#### Task brief:
From the line with "Australian+Beef+Porterhouse+Steak" to the line with "Mercedes-Benz EQA 250", output every line below exactly, both ends included. Skip the pictures.

-------- Material provided

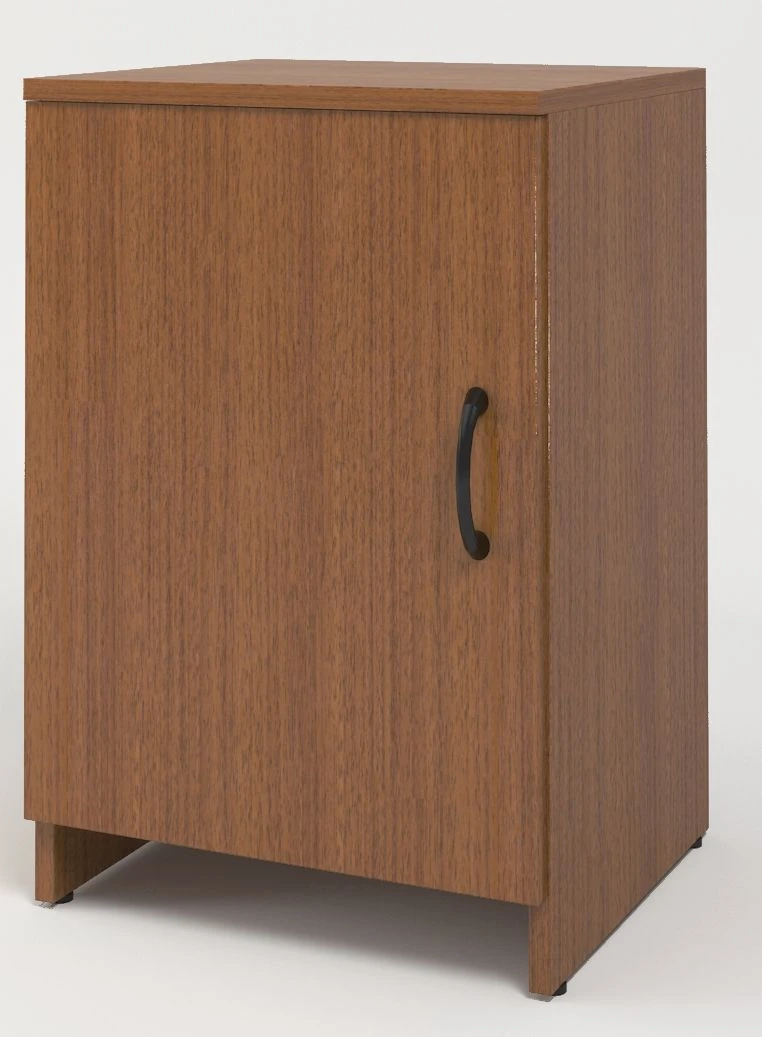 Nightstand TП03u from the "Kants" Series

----------------
-------- Material provided

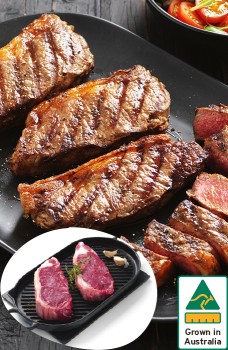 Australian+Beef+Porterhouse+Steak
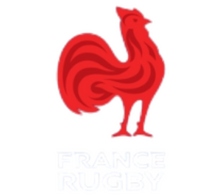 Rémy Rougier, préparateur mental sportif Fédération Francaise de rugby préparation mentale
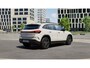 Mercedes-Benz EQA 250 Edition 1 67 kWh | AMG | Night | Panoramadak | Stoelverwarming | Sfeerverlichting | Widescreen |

----------------
-------- Material provided

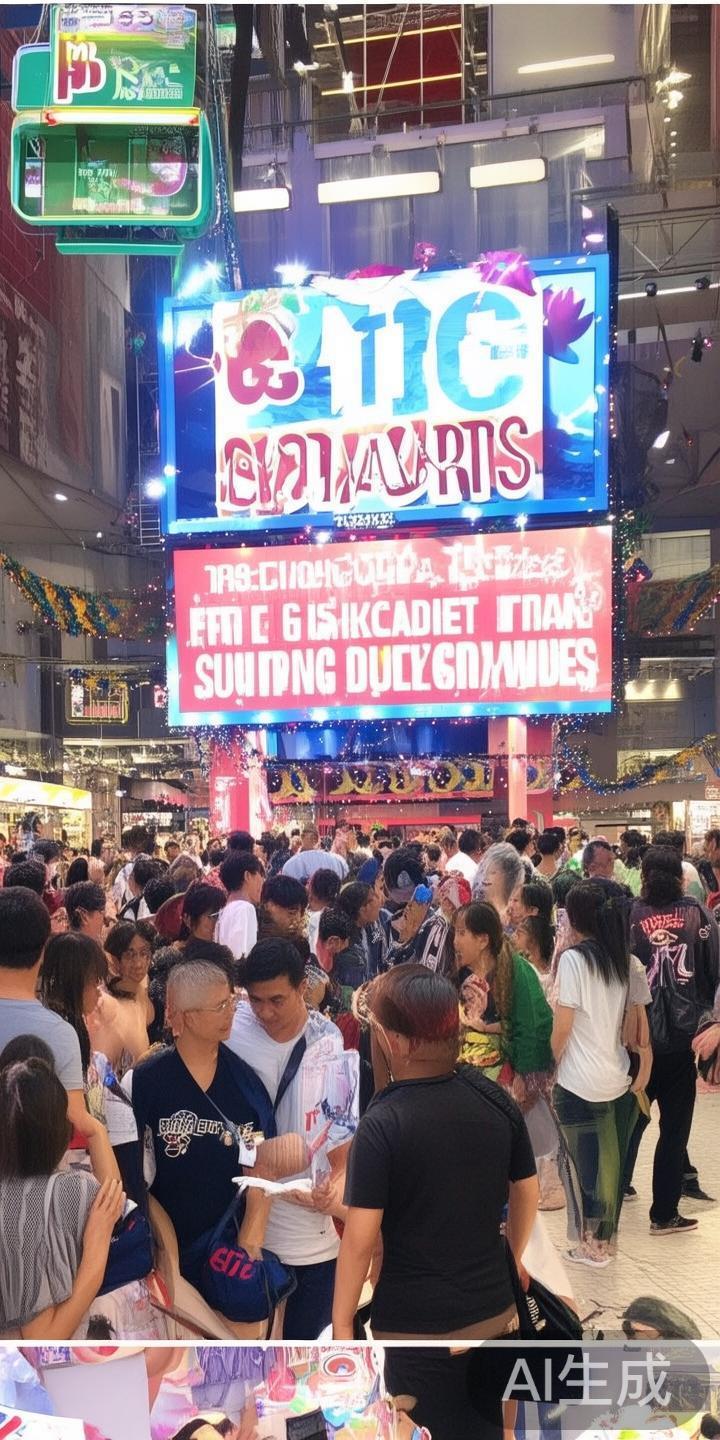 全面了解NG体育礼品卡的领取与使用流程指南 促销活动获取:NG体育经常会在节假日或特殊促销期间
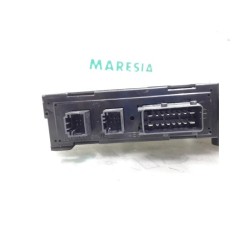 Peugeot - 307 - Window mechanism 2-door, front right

----------------

#### Result for this task:
 Australian+Beef+Porterhouse+Steak
 Rémy Rougier, préparateur mental sportif Fédération Francaise de rugby préparation mentale
 Mercedes-Benz EQA 250 Edition 1 67 kWh | AMG | Night | Panoramadak | Stoelverwarming | Sfeerverlichting | Widescreen |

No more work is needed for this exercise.